Bateu firme. Na parte que nos toca, deu o dito pelo não dito das reiteradas promessas de um novo relacionamento com a mídia.

Dirigindo-se diretamente ao fraterno amigo Chávez, despejou as mágoas que dissimulava por óbvias conveniências. Foi às do cabo: "Fui a Caracas, vi a televisão, e voltei ao Brasil dizendo a mim mesmo que jamais tinha visto um tipo de comportamento de um meio de comunicação, agredindo um presidente da República como tu fostes agredido". E, no recado direto: "Eu jamais imaginei que isso pudesse acontecer no Brasil, e aconteceu o mesmo, querido companheiro".

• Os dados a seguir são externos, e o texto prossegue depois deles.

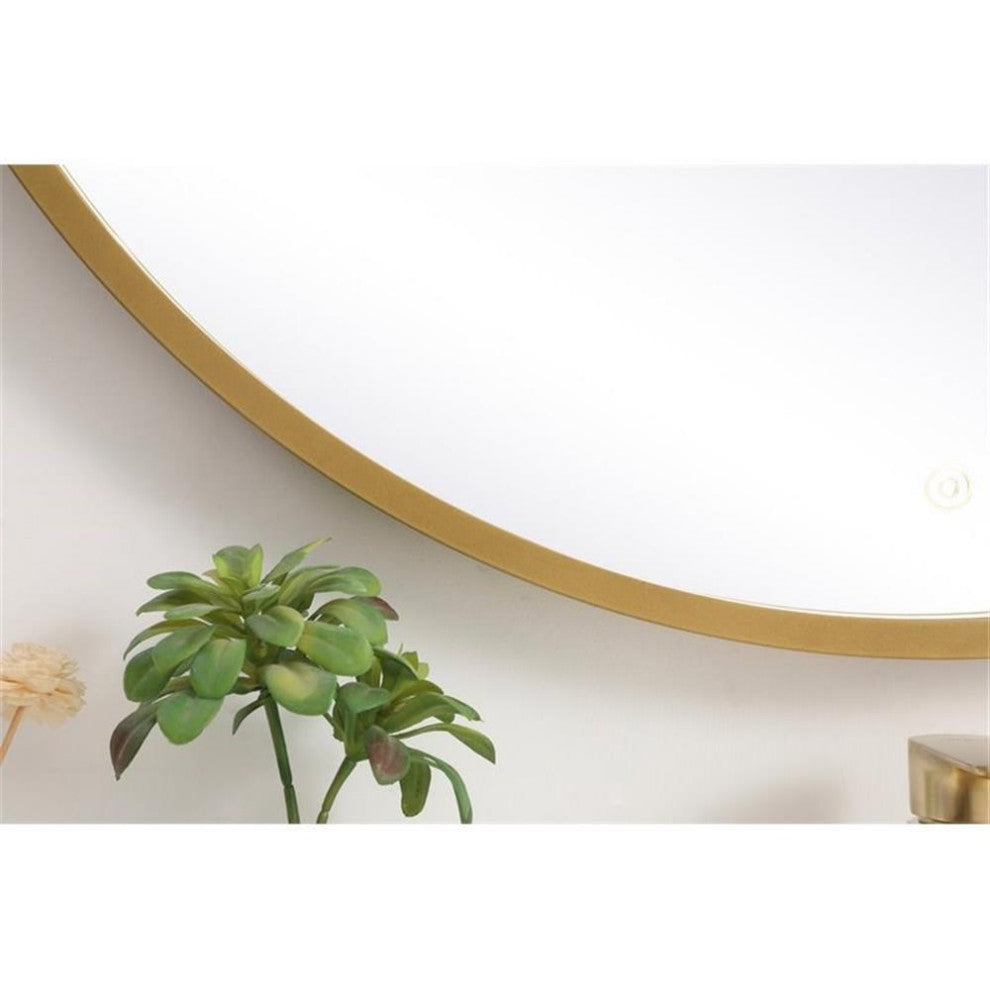 Elegant Decor Pier 36" LED Mirror with Adjustable Color Temperature in Brass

Não é o caso de enterrar a carapuça, pois o presidente foi explícito e direto. Nem se justificaria invocar o conselho ético que recomenda a lavagem de roupa suja no tanque doméstico. Ou a perplexidade ante a súbita cambalhota da euforia dos 58 milhões de votos, carimbado pela promessa de uma entrevista coletiva, antes da passagem da faixa de uma das mãos para a outra.

Confessemos que a paulada no exterior e em má companhia, doeu no couro da mídia. E, como decano dos repórteres políticos, arrisco o palpite de uma proposta de acordo entre eternos desavindos. Afinal, tudo não vai além de uma questão de ponto de vista, de boa vontade para aceitar as explicações oficiais.

Para começar, colhendo exemplos colhidos na horta do governo, vem mesmo a calhar a decisão moralizadora do presidente da Câmara e ex-presidente da República por um dia, deputado Aldo Rebelo (PC do B-SP) determinando o cancelamento da compra se 660 pastas, tipo 007, ao custo de R$ 407 mil, que seriam distribuídas aos 513 deputados eleitos e reeleitos.

Na toada disciplinadora, o presidente Aldo Rebelo cuida de aliviar as aperturas dos deputados com o reajuste dos subsídios, que saltarão de R$ 12,8 mil para a equiparação com os vencimentos dos ministros do Supremo Tribunal Federal (STF) que pairam nas alturas de R$ 24,5 mil. O efeito cascata inundará o Senado, assembléias legislativas e câmaras municipais. No repeteco na ferradura, anuncia-se o fim das verbas indenizatórias de R$ 15 mil mensais. O Legislativo incorpora a vantagem indecorosa ao subsídio e mantém o cacho de mordomias de um dos melhores empregos do mundo.

Em rápido giro pelo Palácio do Planalto, é de cortar o coração a carta de despedida de Luiz Gushiken da chefia do Núcleo de Assuntos Estratégicos da Presidência da República (NAE), onde se amoitava desde as denúncias de envolvimento com a operação do mensalão. Amigo íntimo do presidente, Gushiken imola-se para não contaminar o segundo mandato do chefe que idolatra.

A situação piora com o pedido de demissão do chefe de Gabinete da Presidência, Gilberto de Carvalho – um dos últimos do núcleo duro, que nos dourados tempos acolhia o todo-poderoso chefe da Casa Civil, José Dirceu, e o então badalado ministro da Fazenda, Antônio Palocci. Do quinteto, resta apenas o secretário-geral da Presidência, Luiz Dulci.

Engolir sapos é o preço para a reconciliação da mídia com o reeleito. Talvez valha a pena pagá-lo. Afinal, o segundo mandato começa em 1.° de janeiro e o novo exibe as rugas dos aborrecimentos e verga ao peso da carga da herança maldita dos quatro anos inaugurais do governo "como nunca se viu na história deste país".